The effective residence time of groundwater in a basin or watershed is a vital parameter in estimating groundwater availability and resource sustainability. Age tracers that have been used most effectively to help estimate residence times in young (<50-year-old) groundwater rely on concentrations of dissolved gases (e.g., 3He, SF6, and chlorofluorocarbons (CFCs)). These gases can be measured effectively at wells, but when groundwater discharges to streams the gases quickly reequilibrate with the atmosphere. Streamflow and gas-exchange parameters must be accurately measured if concentrations of the gas tracers in the groundwater inflow to streams are to be estimated accurately. The rapid gas reequilibration and high variability of stream parameters have proven to be an impediment to dating base flow in streams. If a technique could be developed to estimate accurately and simultaneously the stream parameters and tracer concentrations of groundwater inflow, it would promise to be a powerful tool in the estimation of mean groundwater residence times in watersheds.
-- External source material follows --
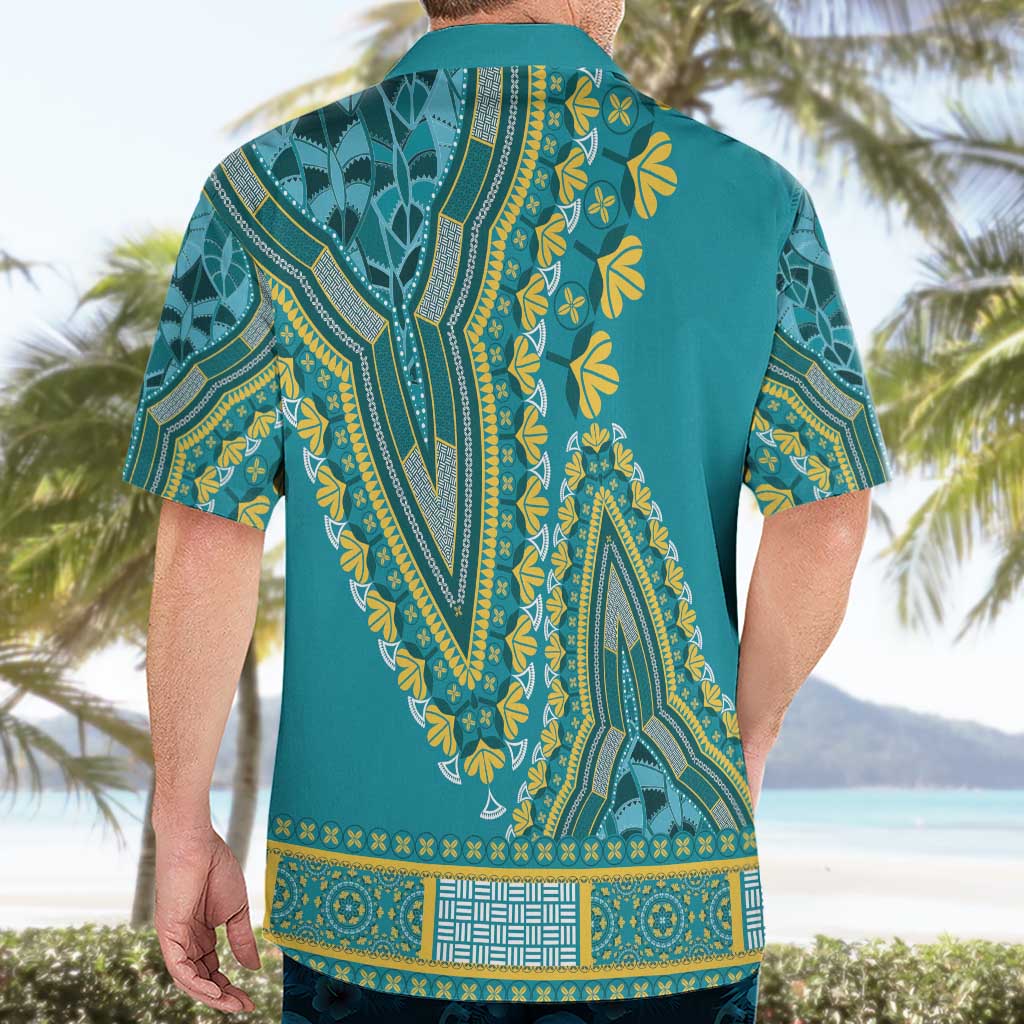African Dashiki Hawaiian Shirt Luxury Teal - Wonder Print Shop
Such a method is under development, and uses dissolved gases (argon and nitrogen) and SF6 or CFC concentrations in streams to estimate streamflow and gas-exchange parameters and the mean age of base flow. The method is based on the incentive to minimize costs by collecting samples at a single site during one visit, and the desire for a result that yields one mean age of base flow upstream from the sampling location. The method uses the fact that diurnal temperature changes in most streams result in a sinusoidal variation in the equilibrium concentration of most gases, with the exact form of the transient concentration signal being a function of three parameters: the two mean residence times of the gas and the stream water, and the concentration of the gas in the groundwater inflow. Argon, nitrogen, and SF6 were measured over a 14-hour period at Little Difficult Run, Fairfax County, Virginia on April 3, 2012. Results indicate the mean residence time of the argon, SF6, and stream water were 4, 5, and 28 hours, respectively, and that the mean age of the base flow was 11 years (piston-flow assumption) or 14 years (distributed-recharge assumption). Future tests at other sites are planned and should help determine under what field conditions the method is viable.